OHRC Chief Commissioner Barbara Hall said the third edition of the Ontario Human Rights Code has been updated to reflect the many changes that have happened in human rights in the past decade.
Hall, in a statement, said in June 2012 the Code was updated to ban discrimination based on the new grounds of gender identity and gender expression.
“We live in challenging times,” the former Toronto mayor said. “As our society becomes more diverse, the human rights challenges we face become more complex.”
Commission spokeswoman Afroze Edwards told Share the package includes information and activities to help students distinguish between appropriate and inappropriate behaviour under the Code.
Edwards said most situations used in the guide are based on real-life cases at the Human Rights Tribunal of Ontario or the courts.
“This edition focuses on Ontario’s Human Rights Code, its human rights system, and recent developments in human rights policy and case law,” Edwards said.

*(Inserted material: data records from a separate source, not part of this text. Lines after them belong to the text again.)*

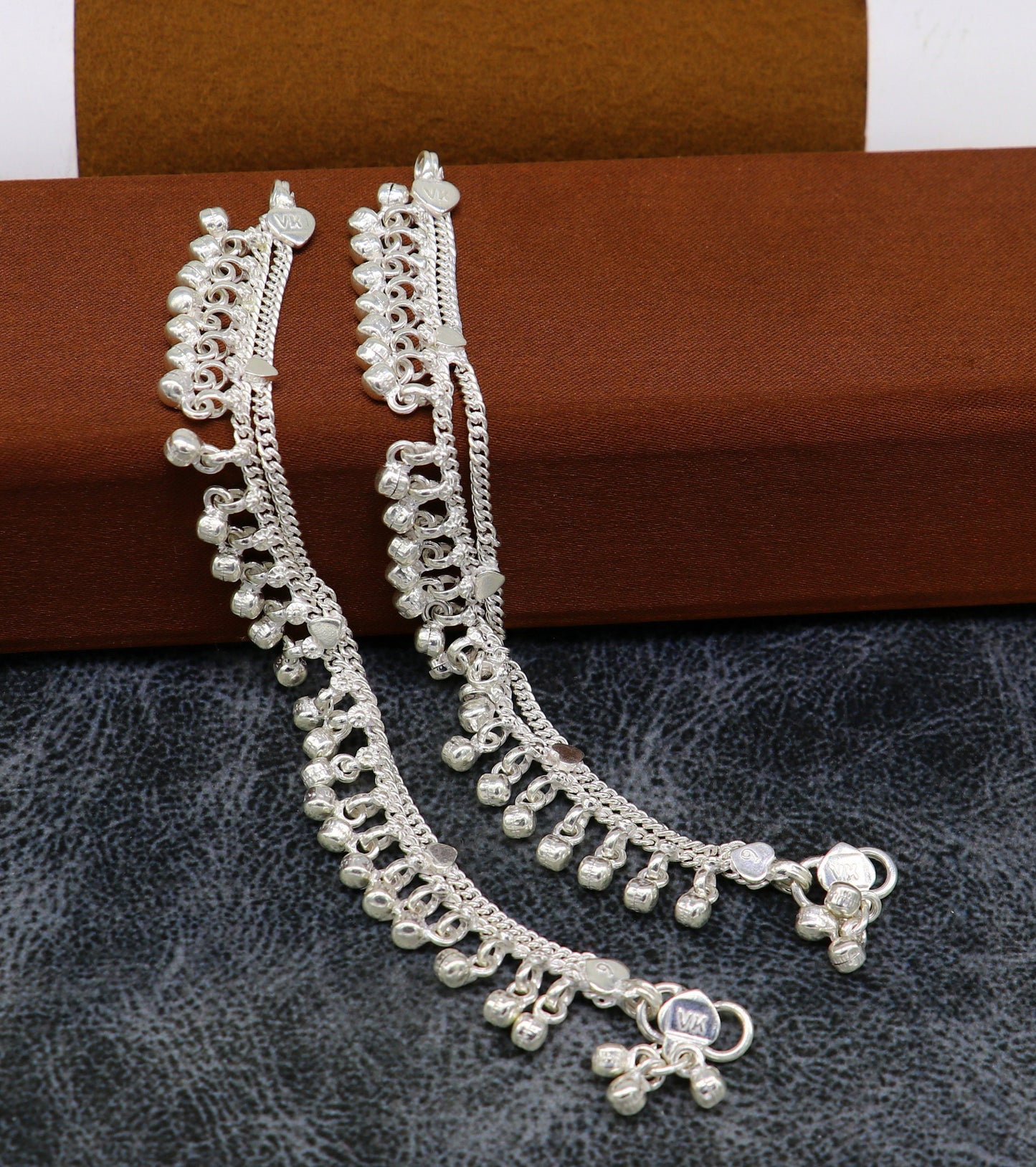 5.5" inches Sterling silver handmade amazing silver chain ankle bracelet new born baby anklet noisy sound bells charm anklets jewelry ank300 - TRIBAL ORNAMENTS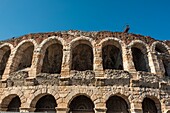 Italy, Veneto, Verona, listed as World Heritage by UNESCO, the Arena of Verona on Bra Square, ancient Roman amphitheater built in 30 after J-C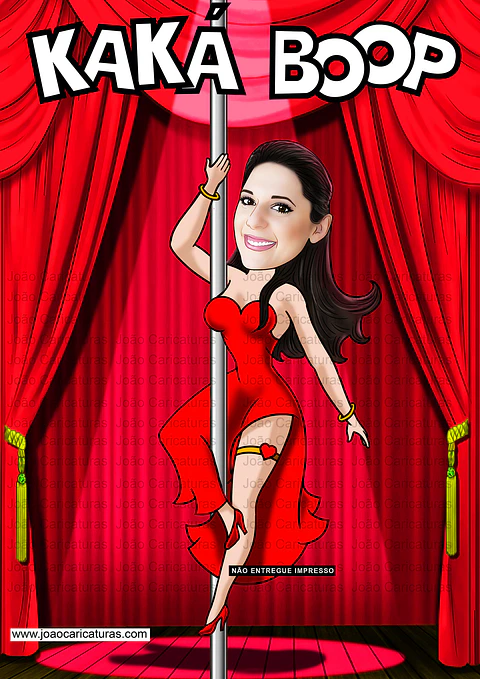 Caricatura aniversário convite mulher  dançarina performa-se cano barra beth boop palco show apresentação ginasta pole dance dançarina bailarina strep kan kan sensual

A Students’ Handouts section includes a quiz on human rights, five fact sheets and 12 case studies to help students increase their awareness of the Code, their rights and responsibilities under the law and how to protect those rights.
Edwards said the package has links to the Commission’s Living Rights Project, a web-based virtual library that features interviews with human rights leaders and people who share their human rights experiences.
“The guide offers links to human rights experiences from the past,” according to the OHRC website. “These stories serve as vivid life-learning lessons that can help advance human rights in the future…”
OHRC officials said the package can be used by secondary school teachers for law, history and civics courses or by co-op education programs. It can also be used in other high school courses, such as media studies.
The OHRC is one of three agencies that make up Ontario’s human rights system. The other branches are the Human Rights Tribunal of Ontario and the Human Rights Legal Support Centre.
The package is available on the Commission’s website at www.ohrc.on.ca and printed copies are available in English and French.